++++ Provided records ++++

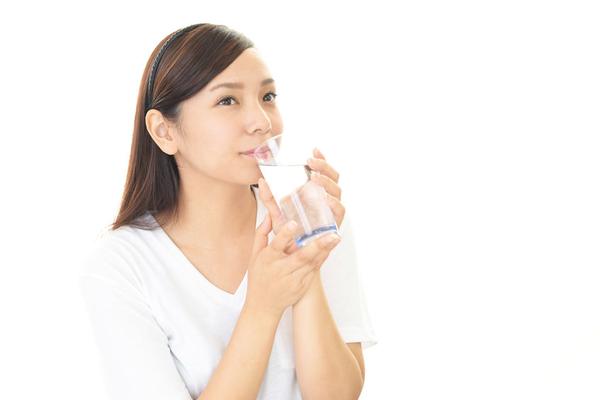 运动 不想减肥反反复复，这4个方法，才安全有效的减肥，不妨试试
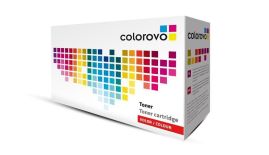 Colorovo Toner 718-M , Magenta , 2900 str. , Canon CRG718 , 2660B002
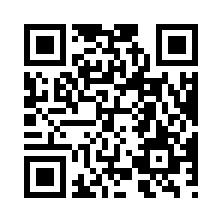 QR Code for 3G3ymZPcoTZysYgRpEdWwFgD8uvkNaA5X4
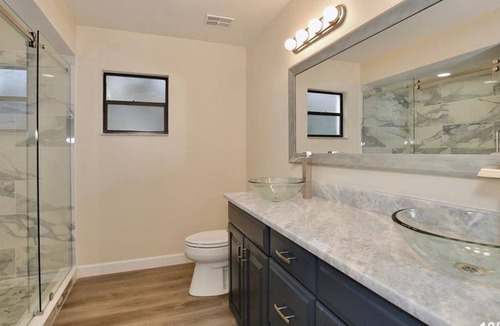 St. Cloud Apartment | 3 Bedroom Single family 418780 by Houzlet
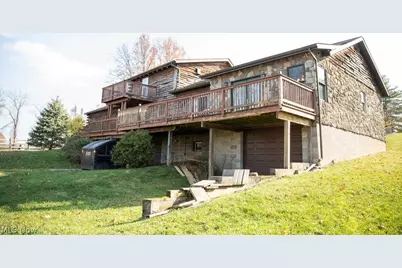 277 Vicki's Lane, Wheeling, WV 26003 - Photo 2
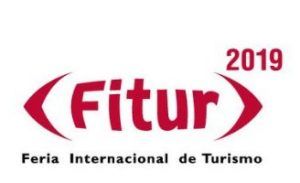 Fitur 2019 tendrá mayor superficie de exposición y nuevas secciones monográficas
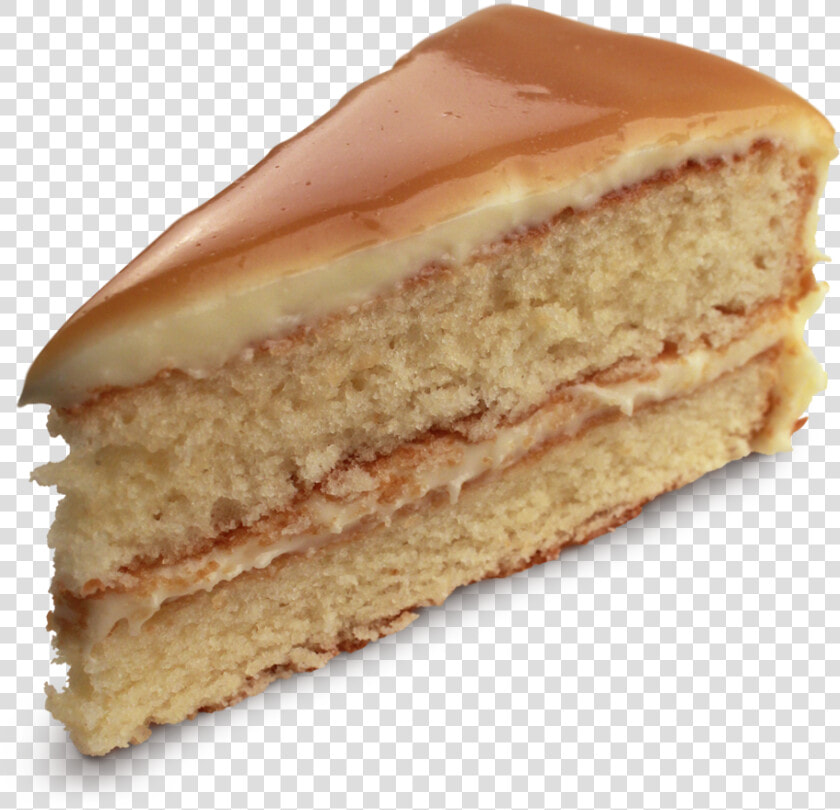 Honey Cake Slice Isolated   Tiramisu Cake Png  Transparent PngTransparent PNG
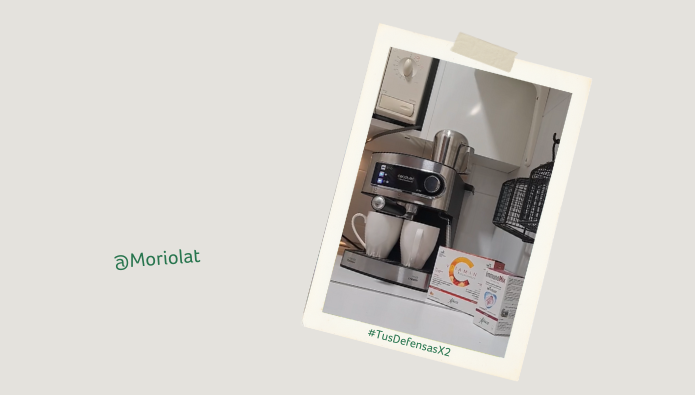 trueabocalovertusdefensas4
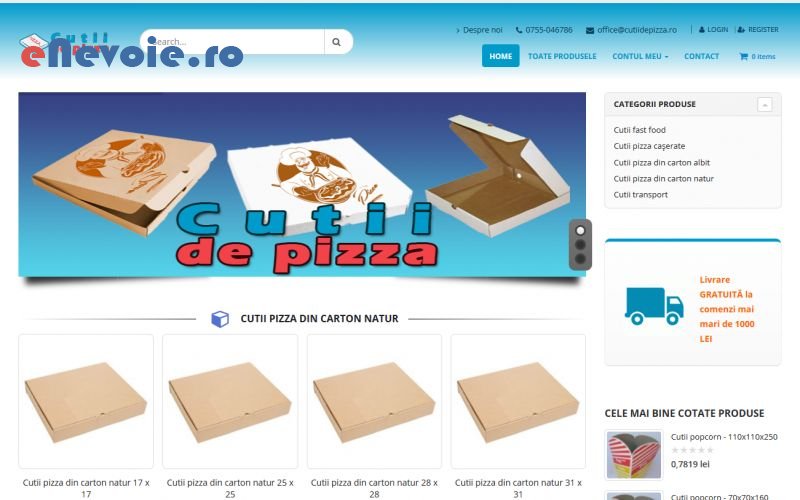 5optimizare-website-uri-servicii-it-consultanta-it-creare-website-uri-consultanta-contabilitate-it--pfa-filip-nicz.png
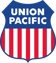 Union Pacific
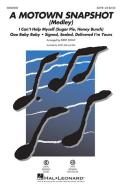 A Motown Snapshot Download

++++

Start with the line with "277 Vicki's Lane, Wheeling, WV" in the listing above and stop after the line with "Union Pacific". Write out exactly the lines in that stretch and no others, without pictures.

 277 Vicki's Lane, Wheeling, WV 26003 - Photo 2
 Fitur 2019 tendrá mayor superficie de exposición y nuevas secciones monográficas
 Honey Cake Slice Isolated   Tiramisu Cake Png  Transparent PngTransparent PNG
 trueabocalovertusdefensas4
 5optimizare-website-uri-servicii-it-consultanta-it-creare-website-uri-consultanta-contabilitate-it--pfa-filip-nicz.png
 Union Pacific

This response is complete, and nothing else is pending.